Después de conceder en ocho partidos seguidos, el peor record en todo el reinado de Simeone, de repente llegó un juego en el que no permitieron que sus rivales anotaran y terminaron con un triunfo por 2-0. Real Madrid subsiguientemente perdió puntos en casa ante Real Sociedad y ahora, en un parpadeo, la redención está sobrevolando al alcance de Simeone.

Cuando este argentino alguna vez beligerante y sediento de victoria llegó para hacerse cargo de Atleti y llevarlo de vuelta a la contienda, puso fin a una racha de 14 años durante la cual Atleti, de una forma u otra, simplemente no pudo superar a Madrid en un derbi.

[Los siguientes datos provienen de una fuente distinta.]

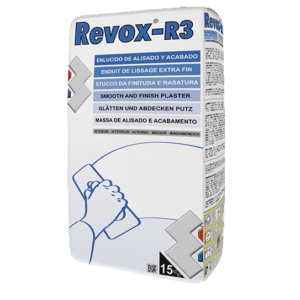 BAIXENS Enlucido de acabado interior Revox R-3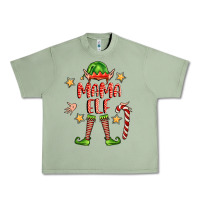 Mama Elf Urban Heavy Tee | Teevron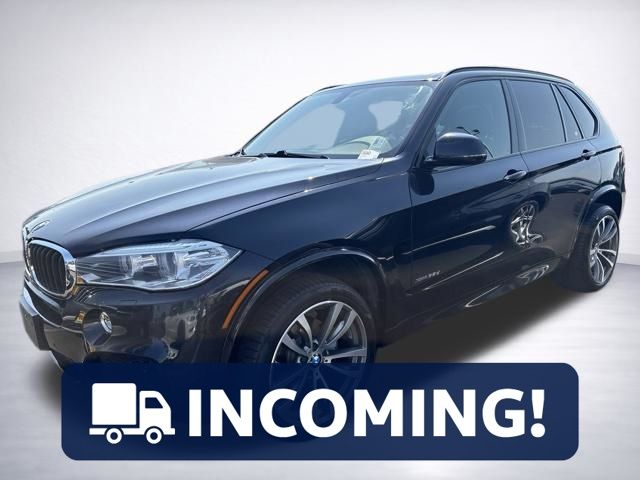 Carbon Black Metallic 2016 BMW X5 SUV / Crossover All-Wheel Drive 8-Speed Automatic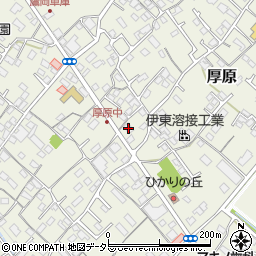 リハビリデイサービスセンター富士周辺の地図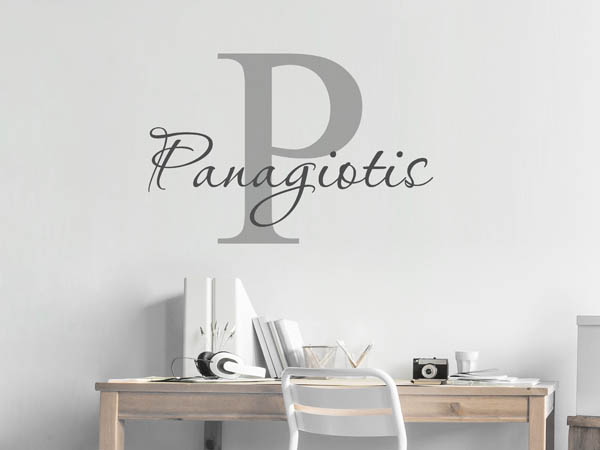 Wandtattoo Panagiotis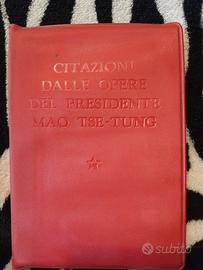 libretto rosso Mao, seconda edizione 1968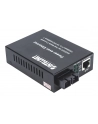 intellinet Media konwerter Gigabit PoE+  1000Base-T RJ45/1000Base-LX (SC) SM 20km - nr 36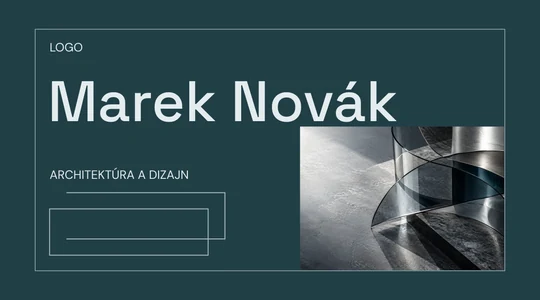 Vizitka FORM (AR10) – náhľad návrhu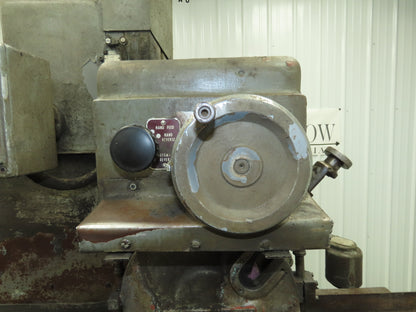 Thompson 2F Surface Grinder 2 Axis Hydraulic Power Cross Feed 8x32"  3Hp 3Ph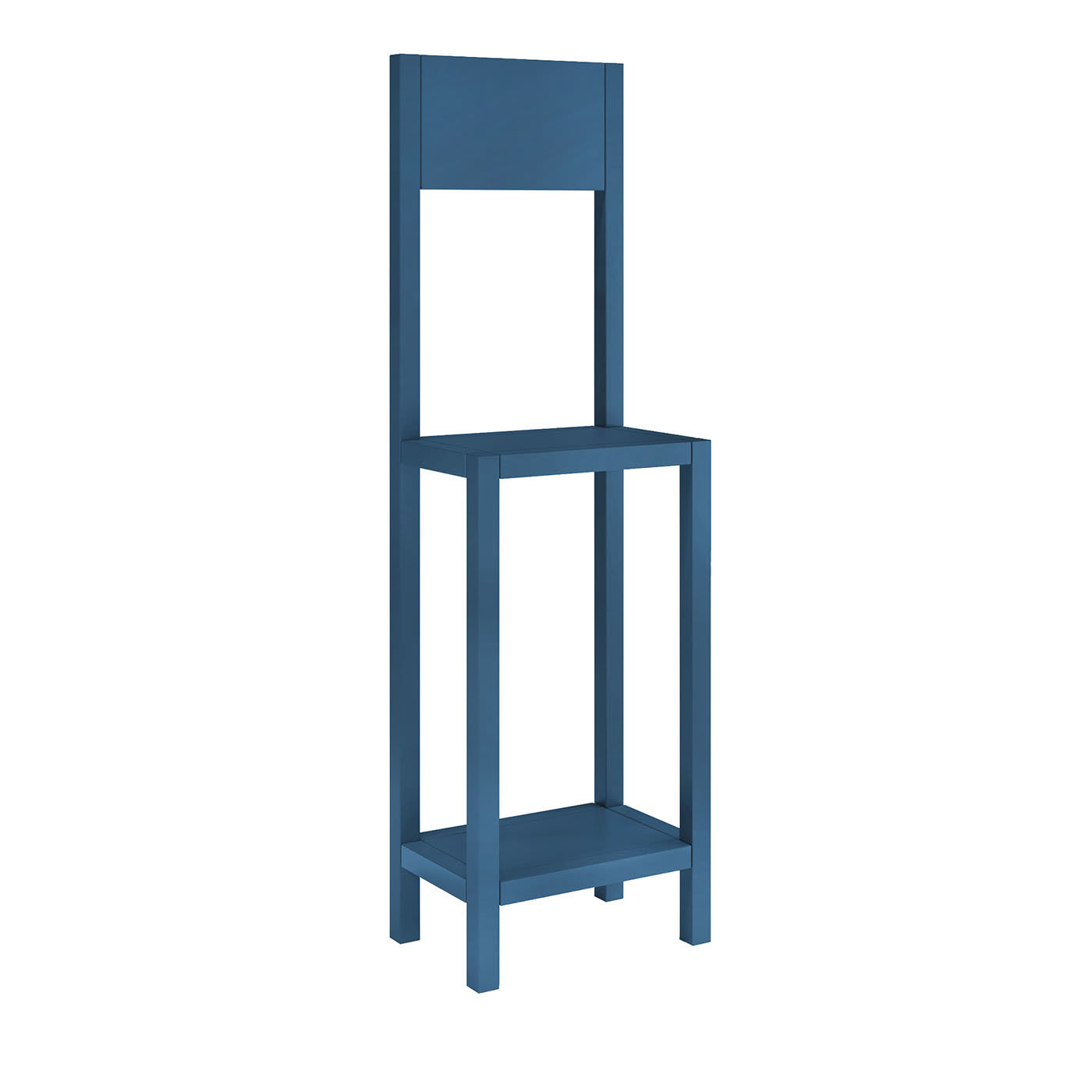 Petrol-Blue Chair by Loopo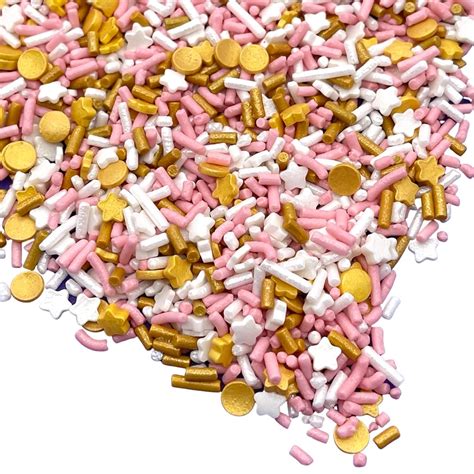 Manvscakes | Rose, Gold, Pink sprinkles | Rose gold India | Ubuy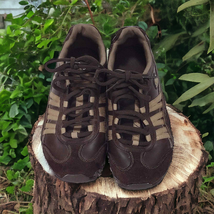 Sketchers Originals Brown Hiking Shoes Outdoors Sneakers Women&#39;s Size 7 - £31.64 GBP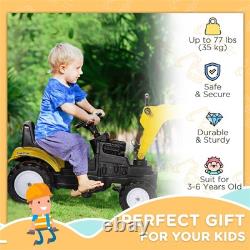 Kids Ride On Toy Car Electric Vehicle for Boys and Girls Rechargeable Battery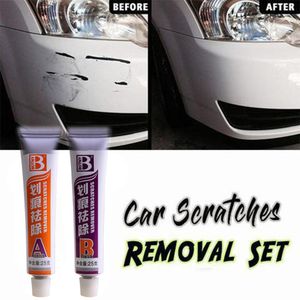 Auto Krassen Reparatie Wax(1 Set), putty Polijsten Wax Verf Scratchrs Auto Krassen Remover Reparatie Polijsten Wax # PY10
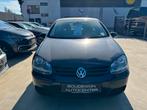 Volkswagen Golf 5 1.6Benzine 161.xxxkm/Zetelverwarming,Aux,., Voorwielaandrijving, Stof, Zwart, Zwart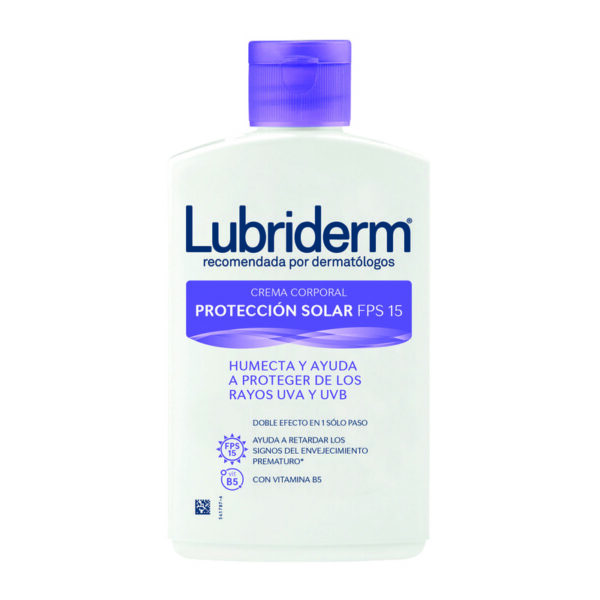 Lubriderm Locion U.V.15 200 Ml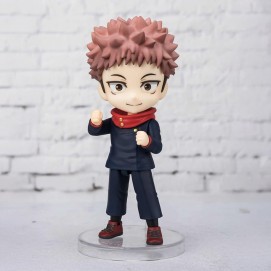 YUJI ITADORI FIGURA 9 CM JUJUTSU KAISEN FIGUARTS MINI                           PRECIO NETO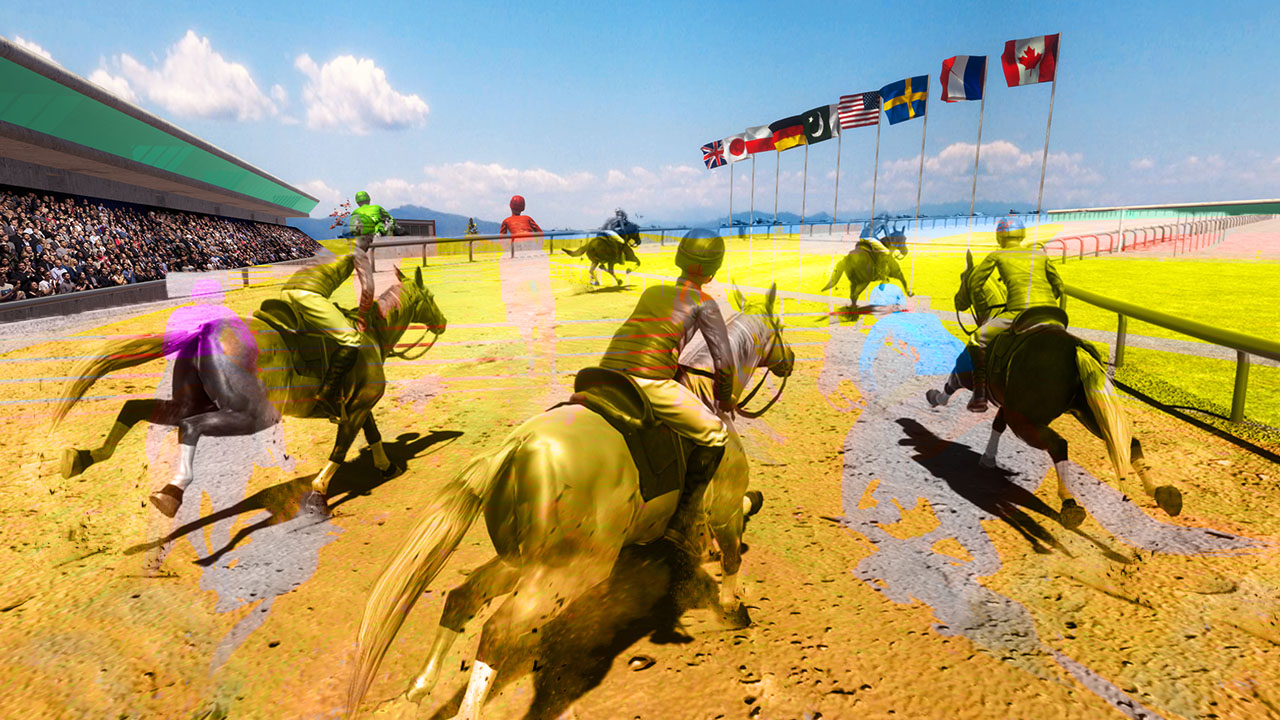 Horse Racing Games 2020 Derby Riding Race 3d thumbnail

La final de la Copa del Rey de 2013 terminó con esa brutal mancha en la historia de Atleti. Ahora, tal como lo he dicho anteriormente, nuevamente han pasado seis largos y dolorosos años desde que superaron a Los Blancos en territorio de Atleti. Cuando Simeone tomó el mando, hacía 15 años que Los Rojiblancos no ganaban el titulo – también resolvió eso.

Si es que Atleti puede o no rectificar la actuación atroz contra Chelsea cuando viajen a Stamford Bridge más tarde este mes no es algo relevante. El premio clave estará en convertirse en campeones de España. Incluso con la ausencia de sus extraordinarios fanáticos, Simeone cuenta con los recursos futbolísticos y el total de puntos, mientras que hay dificultades suficientes en el campo rival, para que Atleti se quede con el que sería apenas su tercer título español en 44 años.

Lo que ahora está en dudas es si este hombre, alguna vez feroz y voraz, todavía cuenta con la astucia táctica, la energía eléctrica, la ambición, el deseo, la confianza y la admirable desfachatez que pueda hacer que Atleti cruce la línea de llegada en mayo. O si es que Simeone, por razones similares, después de un éxito similar y con un grado casi idéntico de poder dentro del club que él ha convertido en un gigante, se ha transformado en el Wenger "cómodo" de los últimos tiempos. El domingo por la tarde contra Madrid podremos tener una respuesta parcial a este interrogante.